Provided information:
━━━━━━━━━━━━━━━━━━━━━━━━━━━━━━

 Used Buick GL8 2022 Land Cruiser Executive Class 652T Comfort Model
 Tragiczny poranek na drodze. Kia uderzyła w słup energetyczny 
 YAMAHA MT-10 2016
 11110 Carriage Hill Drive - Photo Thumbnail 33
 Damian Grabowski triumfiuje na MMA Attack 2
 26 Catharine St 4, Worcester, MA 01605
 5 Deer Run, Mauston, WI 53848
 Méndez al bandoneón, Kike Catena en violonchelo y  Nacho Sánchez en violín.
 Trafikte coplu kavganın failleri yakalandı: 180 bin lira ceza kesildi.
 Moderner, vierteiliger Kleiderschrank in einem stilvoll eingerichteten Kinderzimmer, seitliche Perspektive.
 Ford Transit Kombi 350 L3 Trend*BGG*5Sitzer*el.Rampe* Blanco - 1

━━━━━━━━━━━━━━━━━━━━━━━━━━━━━━

Assignment: In the records above, return precisely the line containing "Méndez al bandoneón, Kike" and each line that comes after it, up to the final one.

Final answer:
 Méndez al bandoneón, Kike Catena en violonchelo y  Nacho Sánchez en violín.
 Trafikte coplu kavganın failleri yakalandı: 180 bin lira ceza kesildi.
 Moderner, vierteiliger Kleiderschrank in einem stilvoll eingerichteten Kinderzimmer, seitliche Perspektive.
 Ford Transit Kombi 350 L3 Trend*BGG*5Sitzer*el.Rampe* Blanco - 1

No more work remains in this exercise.